- Leader: Unknown
- General Secretary: Marina Barampama
- Historical leaders: Mohamed Feruzi Zedi Feruzi
- Founder: Hussein Radjabu
- Founded: August 2002
- Split from: National Council for the Defense of Democracy – Forces for the Defense of Democracy
- Colors: Red, Green, Yellow

Party flag

= Union for Peace and Democracy =

Political party in Burundi

The Union for Peace and Democracy–Zigamibanga (Union pour la paix et la démocratie–Zigamibanga, UPD or UPD–Zigamibanga), sometimes known as the Union for Peace and Development–Zigamibanga (Union pour la paix et le développement–Zigamibanga), is a small political party in Burundi which was founded in 2002 but which only became active after 2007. The UPD is one of the parties in opposition to the ruling National Council for the Defense of Democracy – Forces for the Defense of Democracy (CNDD–FDD) party. It is seen as the party of Burundi's small Muslim community.

== History ==
The UPD was registered on 12 September 2002
. It was originally created as a front organisation in case the CNDD–FDD, which had been formed as a rebel armed group during the Burundian Civil War, was refused official recognition as a political party.
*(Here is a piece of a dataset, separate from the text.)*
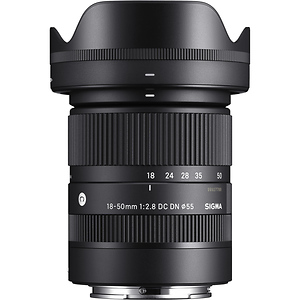 18-50mm f/2.8 DC DN Contemporary Lens for Fujifilm X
When the CNDD–FDD did receive recognition in 2005, the UPD became inactive. It did not stand candidates in the legislative elections of 2005.

Despite playing an important role in the rise of Pierre Nkurunziza to the Presidency, Radjabu was expelled from the CNDD–FDD in 2007 and imprisoned for plotting to overthrow the government. Radjabu re-activated the UPD, installing his cousin Mohamed Feruzi as party leader. Radjabu continued to run the party from prison however. The UPD became popular within Burundi's small Muslim community from which the Radjabu family originates.

During the political unrest in Burundi in 2015, the UPD's incumbent leader, Zedi Feruzi, was assassinated in Bujumbura. His killing on 23 May 2015, during protests against the Nkurunziza regime, caused a deepening of the confrontation as the opposition suspended its participation in talks with the government. The UPD was originally part of the alliance of opposition parties known as CNARES but left in 2016.

The UPD stood in the elections for the National Assembly in May 2020 but gained just 0.05% of the vote and won no seats.